# [Task item]
Your job is to give again, exactly and with no additions, the lines in the records below from the one with "Buddha Stones Winter" through the one with "map of restaurants, bars, coffee", both included. Omit the pictures.

# [Material supplied]

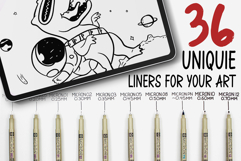 130 Fine Liners For Procreate, Micron Brushes Procreate Product Image 2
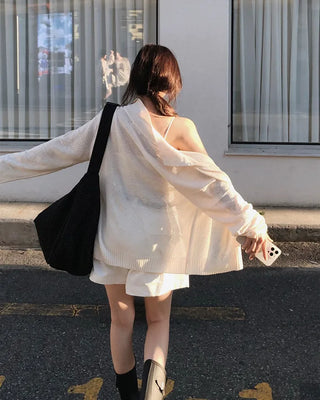 Perforated Collar Knit Jacket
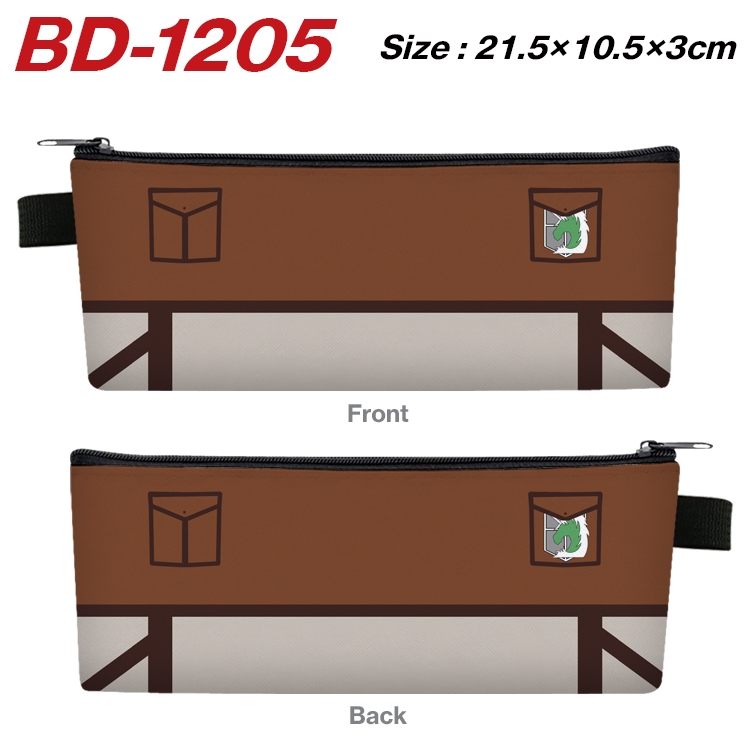 Shingeki no Kyojin Anime Peripheral PU Leather Zipper Pencil Case Stationery Box 21.5X10.5X3CM BD-1205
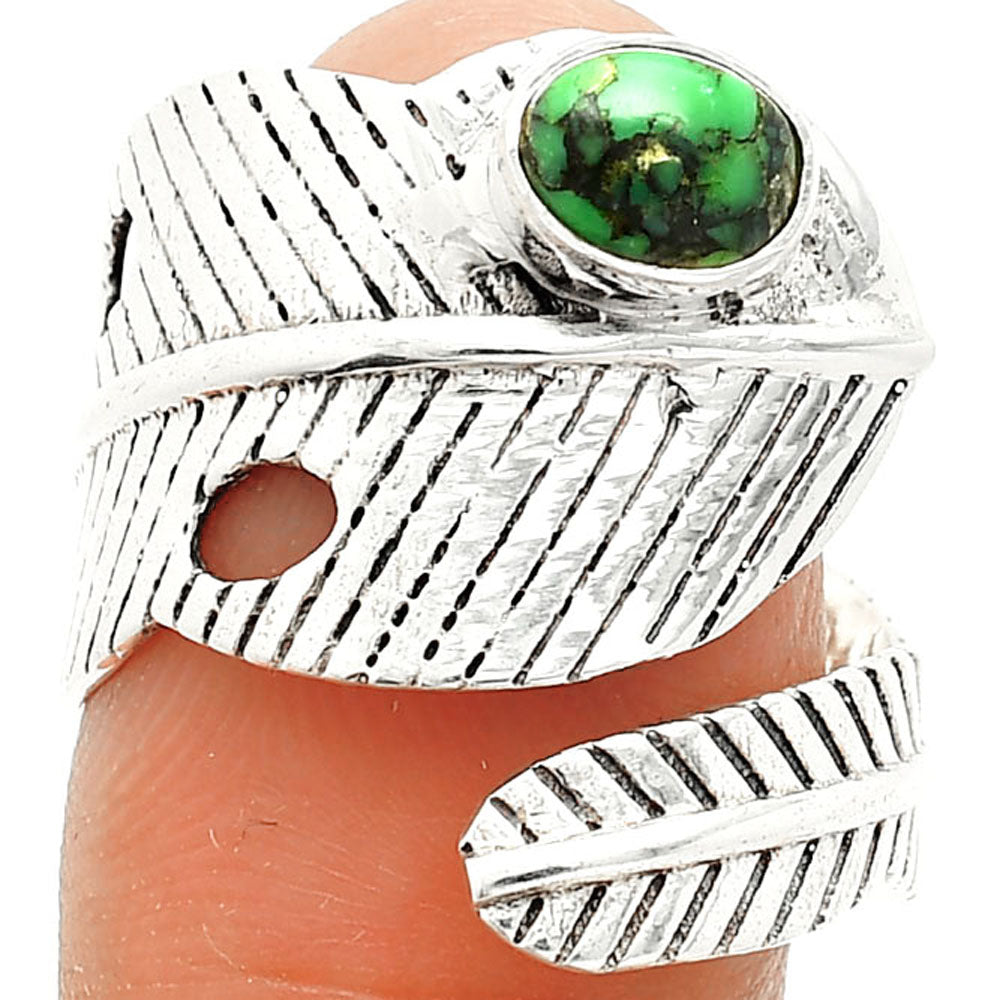 Adjustable Feather - Green Matrix Turquoise Ring size-9 R-1473 SDR237079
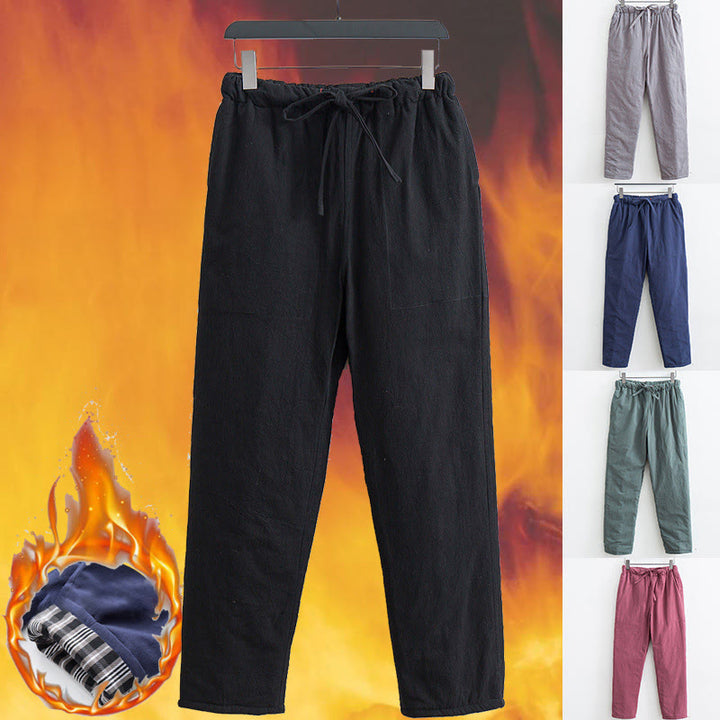 Buddha Stones Winter Solide Herrenhose mit Kordelzug und Baumwollfleece-Futter und Taschen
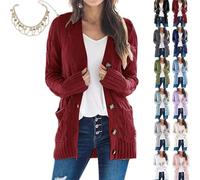 Mlthcig Women's Fall Casual Long Sleeve Button Down Open Front Cable Knit Cardigan Autumn Midi-Length Sweater Knitted Pockets(Wine Red,Large)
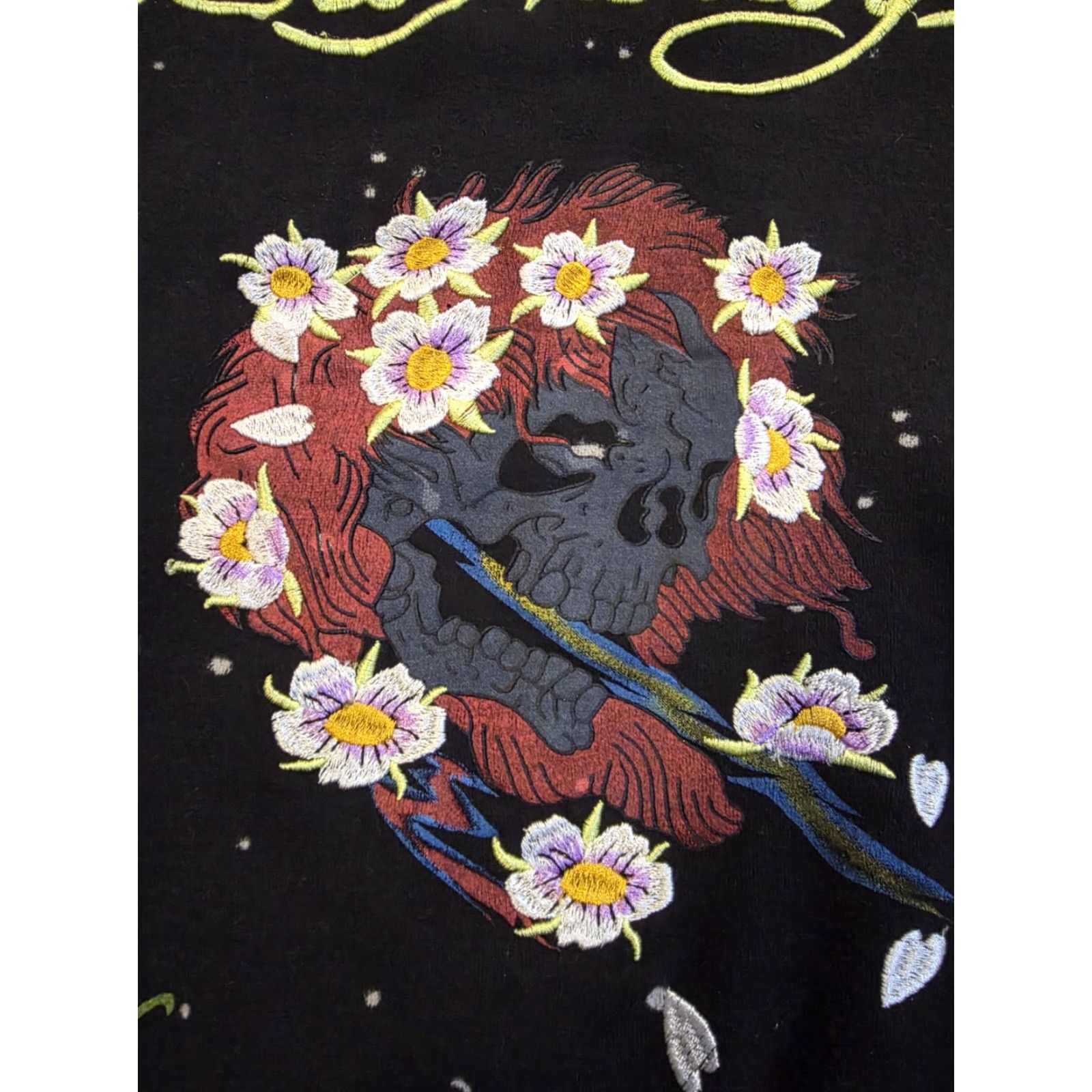 Ed Hardy VINTAGE Ed Hardy Hoodie Full Zip Embroidered Skull Flowers Lion Black Womens Small Size S / US 4 / IT 40 - 4 Thumbnail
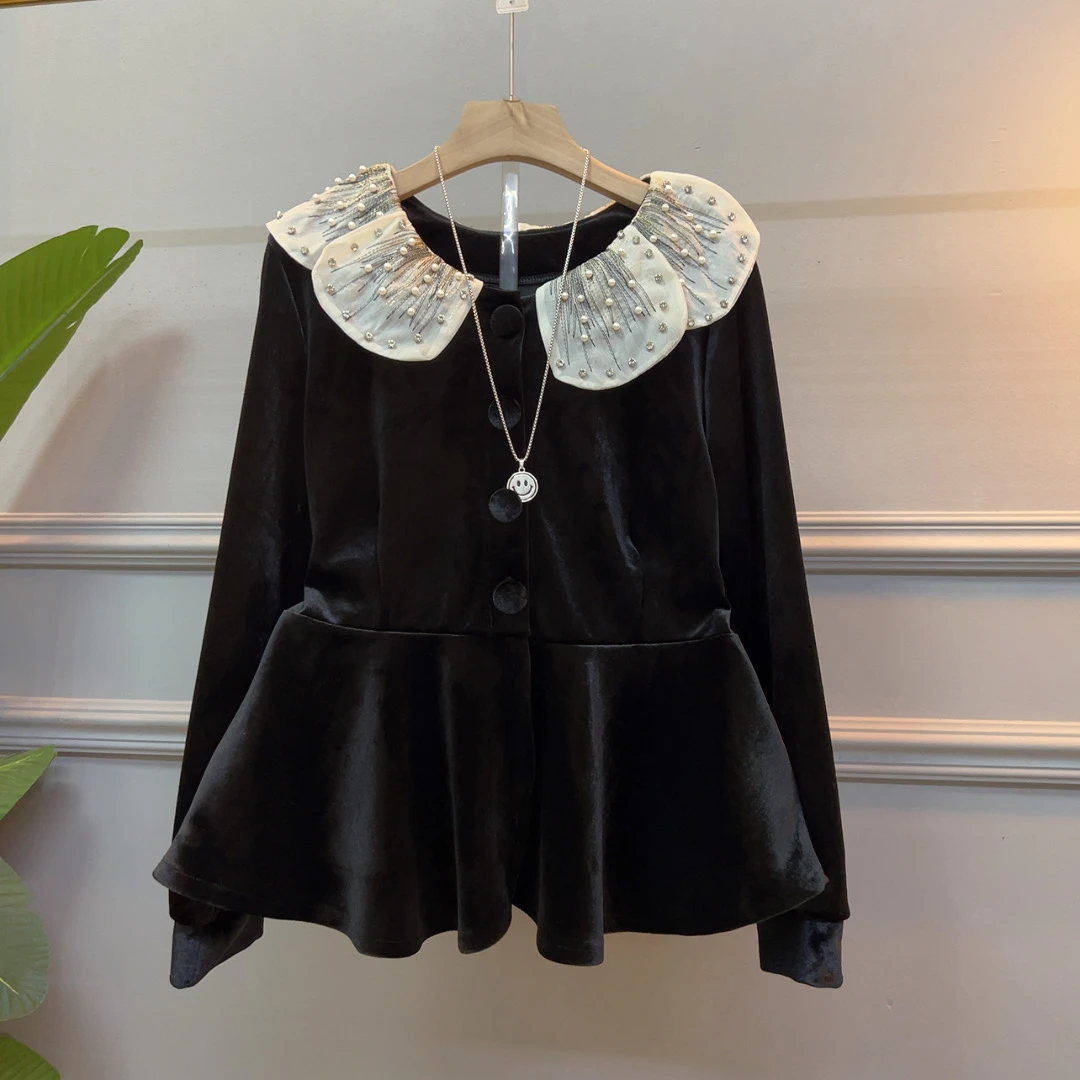 娃娃领大码女装时尚上衣荷叶设计丝绒小衫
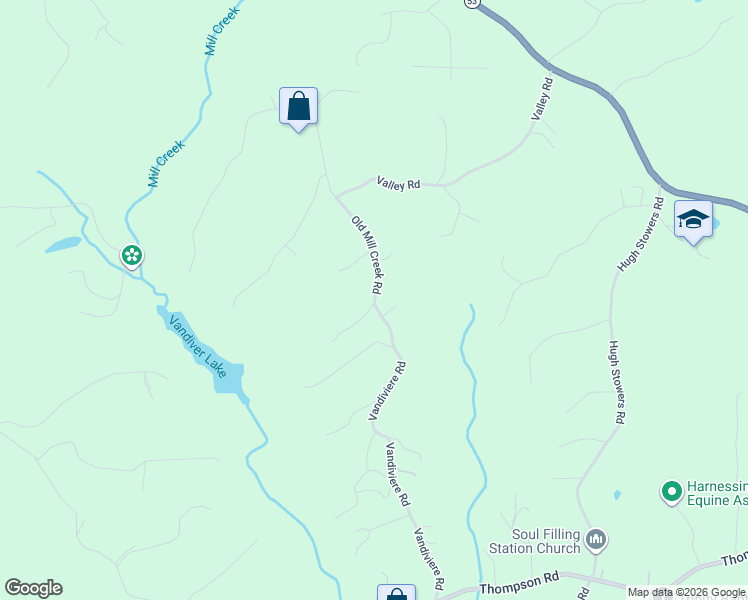 map of restaurants, bars, coffee shops, grocery stores, and more near 175 Vandiviere Road in Dawsonville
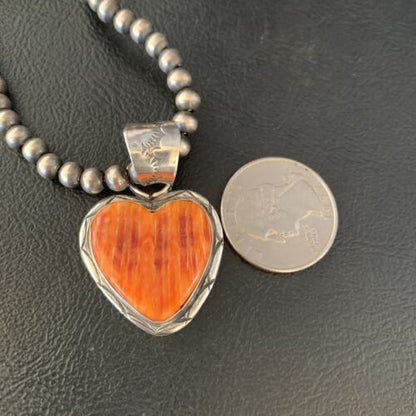 Navajo Orange Heart Spiny Oyster Pendant | Sterling Silver Necklace | Authentic Native American Handmade | 13948 - Masha USA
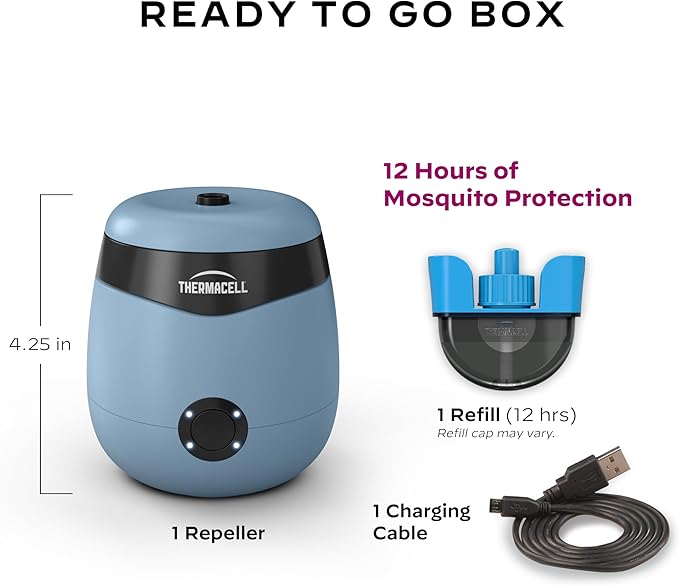Thermacell E-Series Rechargeable Mosquito Repeller with 20’ Mosquito Protection Zone; Bug Spray Alternative; Scent Free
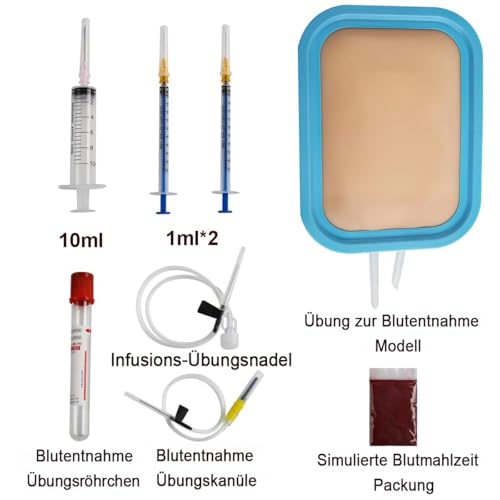 Surgical Set of 4 Injection Training IV Start Kit Realistic Blood | Medical Grade Silicone Infusion Training Kit for Medical Students and Nurses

# [Written response]
 Buddha Stones Winter Solide Herrenhose mit Kordelzug und Baumwollfleece-Futter und Taschen
 Mlthcig Women's Fall Casual Long Sleeve Button Down Open Front Cable Knit Cardigan Autumn Midi-Length Sweater Knitted Pockets(Wine Red,Large)
 Ed Hardy VINTAGE Ed Hardy Hoodie Full Zip Embroidered Skull Flowers Lion Black Womens Small Size S / US 4 / IT 40 - 4 Thumbnail
 娃娃领大码女装时尚上衣荷叶设计丝绒小衫
 map of restaurants, bars, coffee shops, grocery stores, and more near 175 Vandiviere Road in Dawsonville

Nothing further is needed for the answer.